§ **TASK MATERIAL**
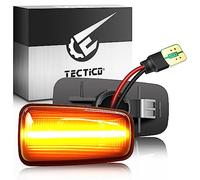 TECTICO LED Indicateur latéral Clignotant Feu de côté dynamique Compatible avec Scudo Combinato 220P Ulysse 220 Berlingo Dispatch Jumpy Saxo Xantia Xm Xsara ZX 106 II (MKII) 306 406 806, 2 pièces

--

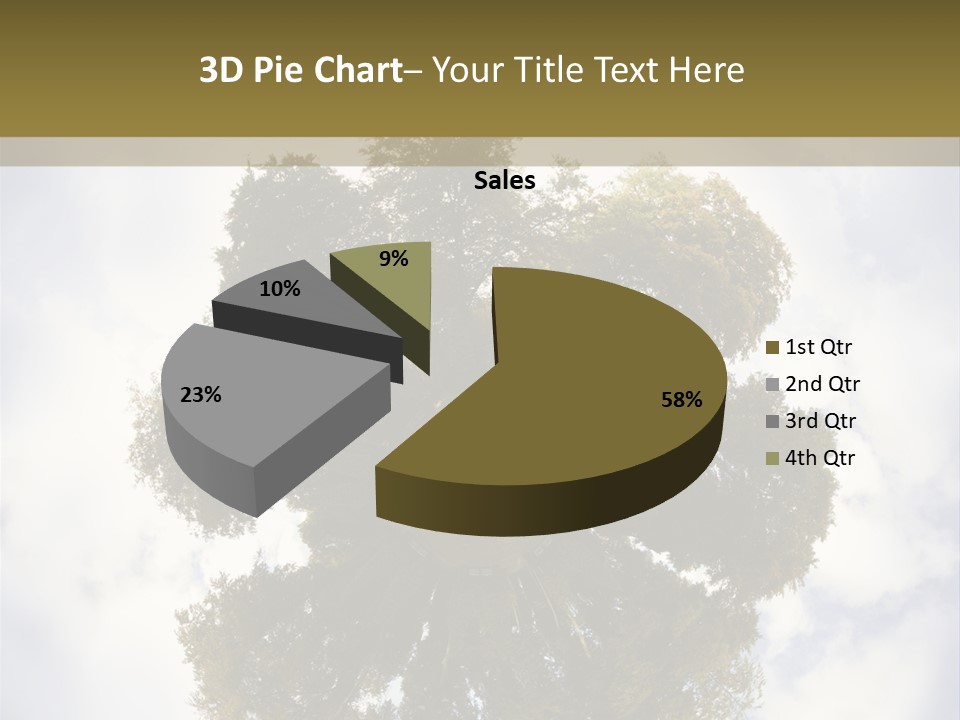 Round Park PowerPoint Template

* * *

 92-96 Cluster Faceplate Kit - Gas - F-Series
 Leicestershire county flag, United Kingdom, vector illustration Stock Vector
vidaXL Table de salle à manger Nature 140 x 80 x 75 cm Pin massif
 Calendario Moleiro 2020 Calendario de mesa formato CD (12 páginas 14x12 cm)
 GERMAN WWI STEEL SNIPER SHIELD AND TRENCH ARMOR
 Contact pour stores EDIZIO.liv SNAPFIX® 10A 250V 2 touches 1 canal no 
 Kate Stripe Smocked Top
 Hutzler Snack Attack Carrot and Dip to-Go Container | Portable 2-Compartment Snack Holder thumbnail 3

§ **THE PROBLEM**
Starting at the line above that holds "Calendario Moleiro 2020" and ending at the line that holds "Hutzler Snack Attack", transcribe each line exactly and include no other lines.

§ **REPLY TO THE EXERCISE**
 Calendario Moleiro 2020 Calendario de mesa formato CD (12 páginas 14x12 cm)
 GERMAN WWI STEEL SNIPER SHIELD AND TRENCH ARMOR
 Contact pour stores EDIZIO.liv SNAPFIX® 10A 250V 2 touches 1 canal no 
 Kate Stripe Smocked Top
 Hutzler Snack Attack Carrot and Dip to-Go Container | Portable 2-Compartment Snack Holder thumbnail 3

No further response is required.